Dataset extract:
====
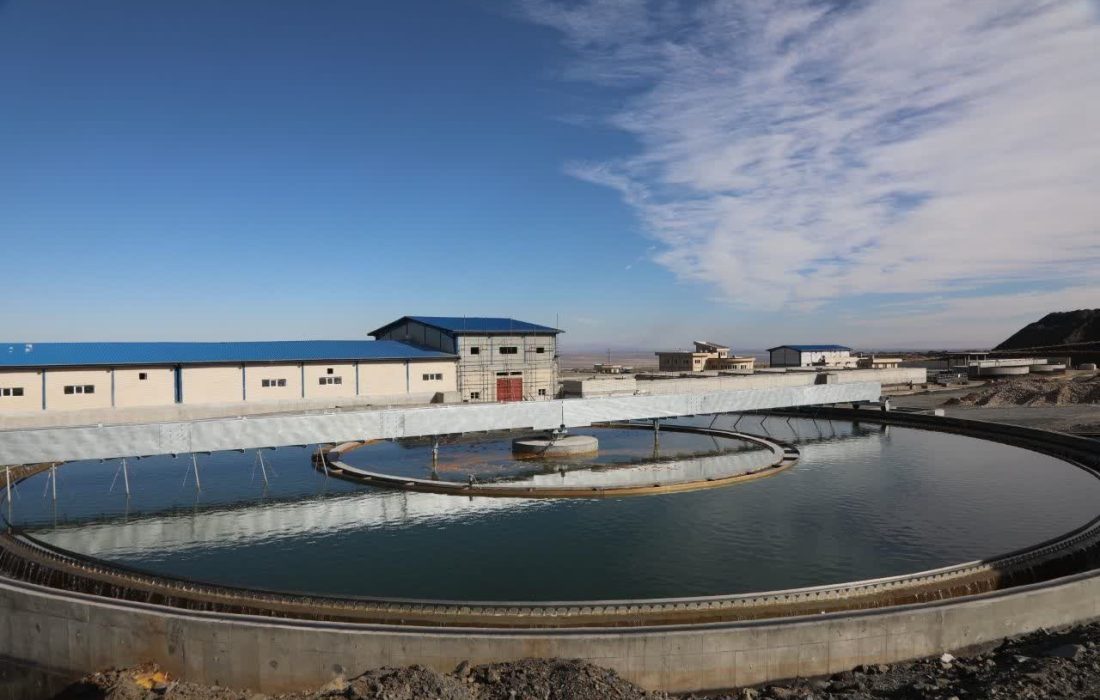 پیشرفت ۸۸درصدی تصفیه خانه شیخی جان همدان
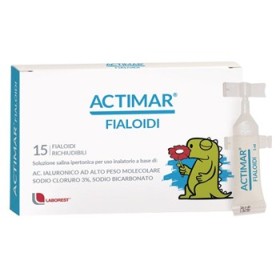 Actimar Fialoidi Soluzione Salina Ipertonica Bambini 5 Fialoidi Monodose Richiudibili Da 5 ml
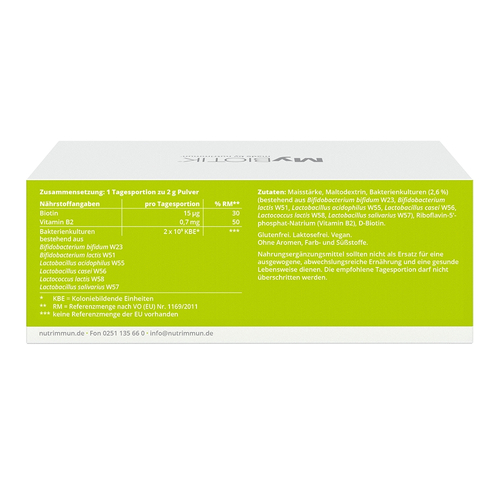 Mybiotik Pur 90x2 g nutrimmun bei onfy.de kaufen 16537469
====
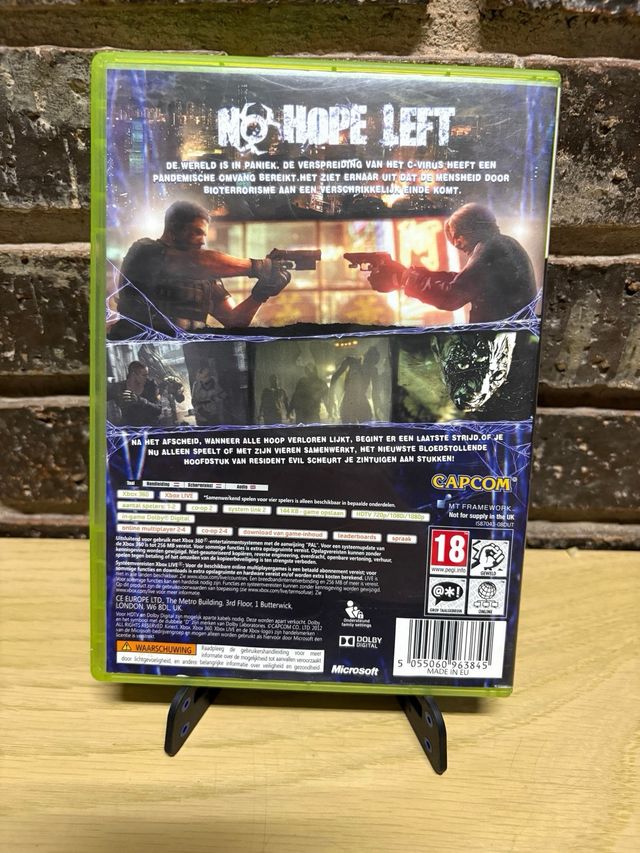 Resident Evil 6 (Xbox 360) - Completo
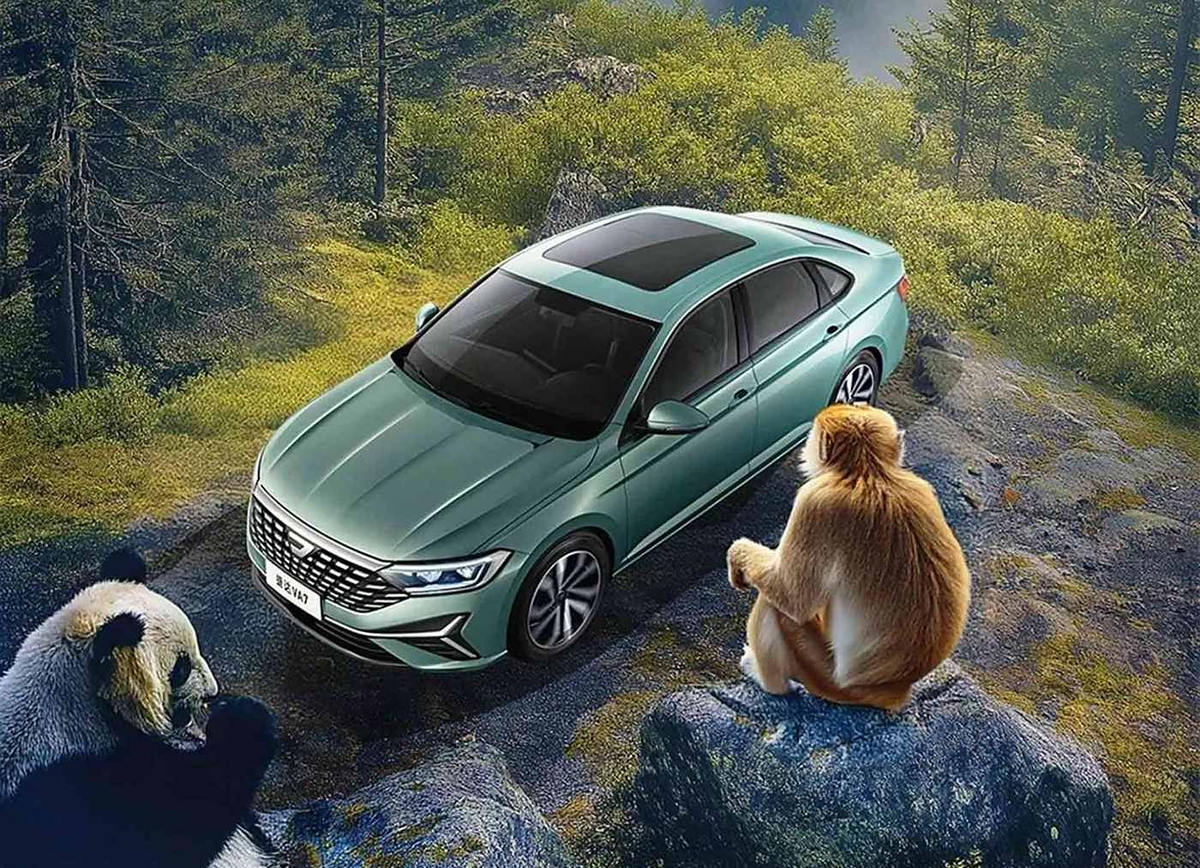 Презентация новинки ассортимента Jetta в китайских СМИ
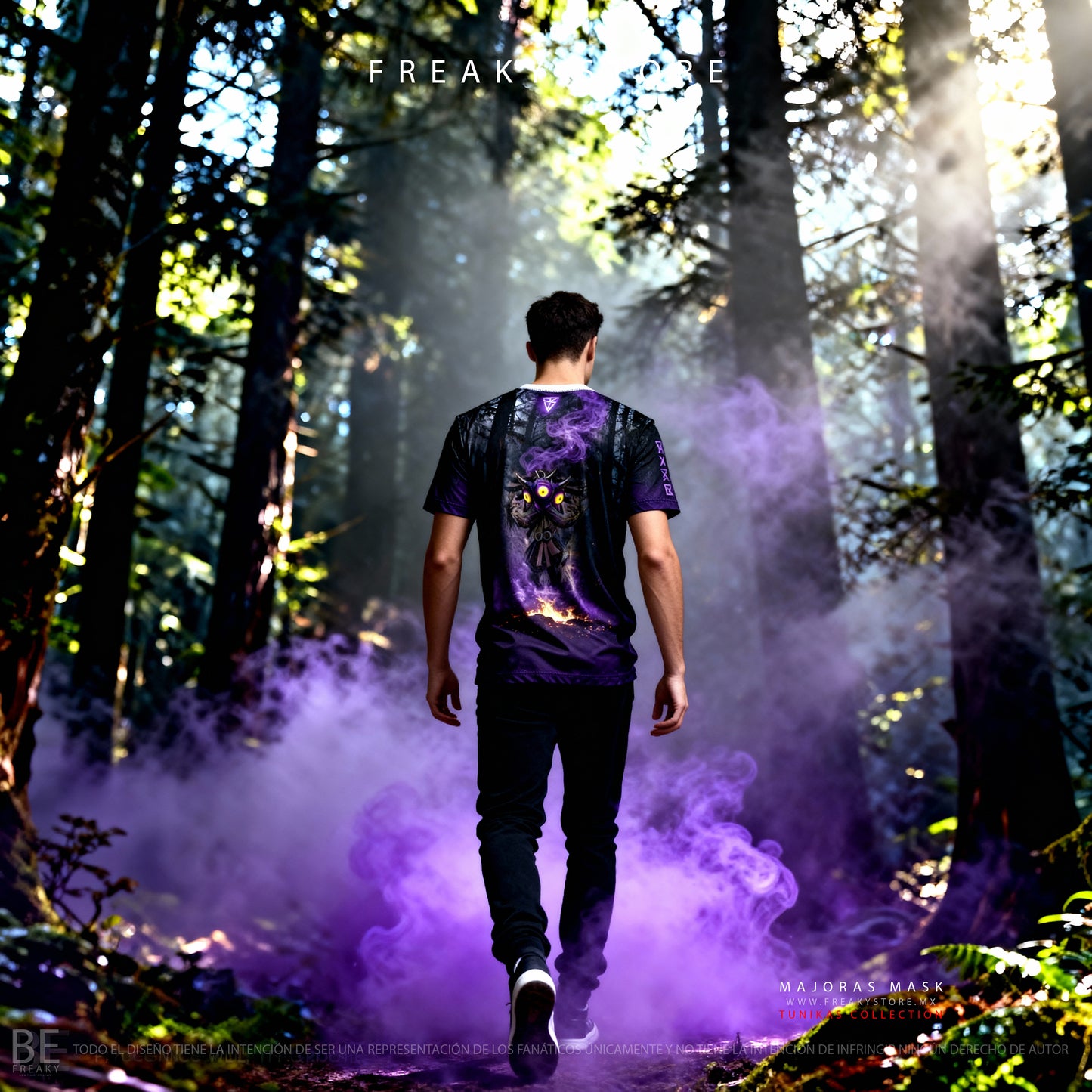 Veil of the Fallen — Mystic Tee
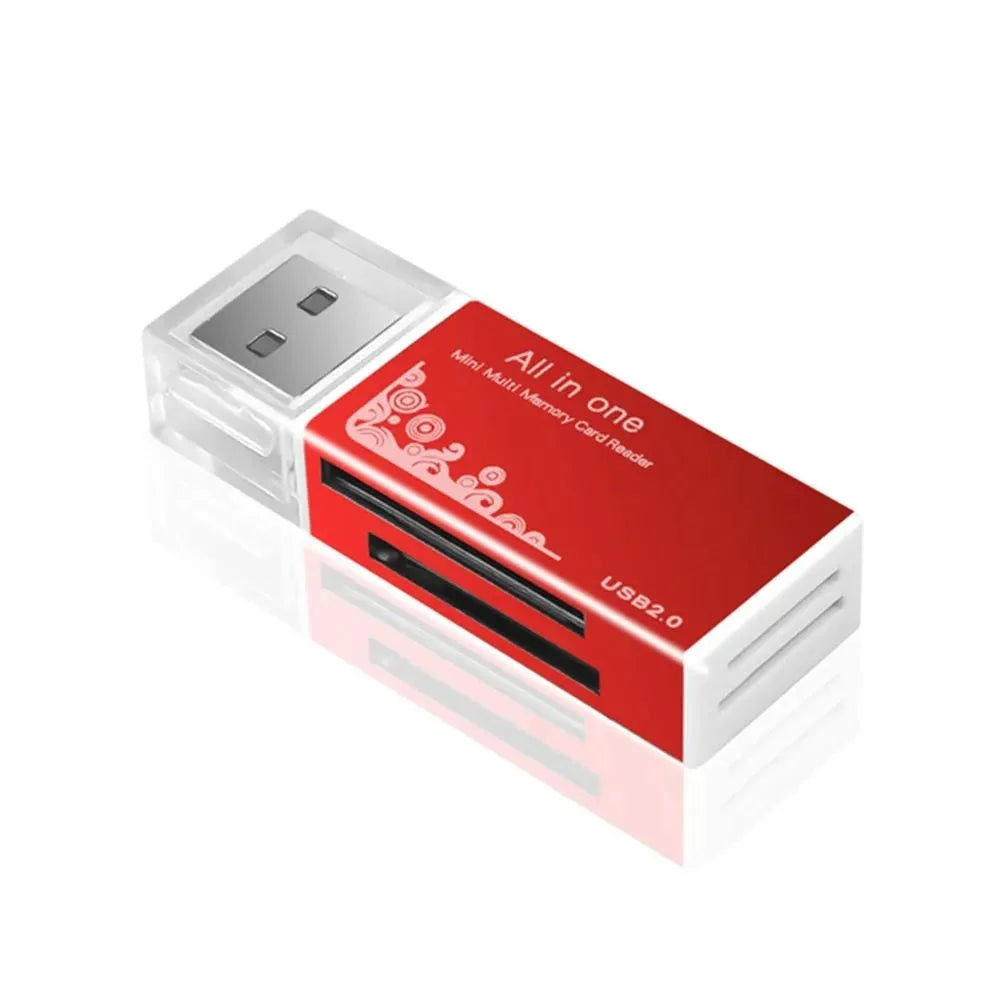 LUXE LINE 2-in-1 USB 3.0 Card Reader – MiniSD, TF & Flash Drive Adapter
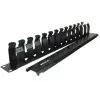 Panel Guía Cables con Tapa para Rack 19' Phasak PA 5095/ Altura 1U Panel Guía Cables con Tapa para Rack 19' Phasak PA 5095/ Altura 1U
====
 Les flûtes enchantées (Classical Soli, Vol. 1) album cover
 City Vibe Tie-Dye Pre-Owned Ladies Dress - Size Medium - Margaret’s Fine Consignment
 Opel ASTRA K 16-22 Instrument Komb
====
Try it: Copy only the lines above from the one containing "پیشرفت ۸۸درصدی تصفیه خانه شیخی جان همدان" through the one containing "Mybiotik Pur 90x2", both included. Leave out the pictures.

Output:
 پیشرفت ۸۸درصدی تصفیه خانه شیخی جان همدان
 Actimar Fialoidi Soluzione Salina Ipertonica Bambini 5 Fialoidi Monodose Richiudibili Da 5 ml
 Mybiotik Pur 90x2 g nutrimmun bei onfy.de kaufen 16537469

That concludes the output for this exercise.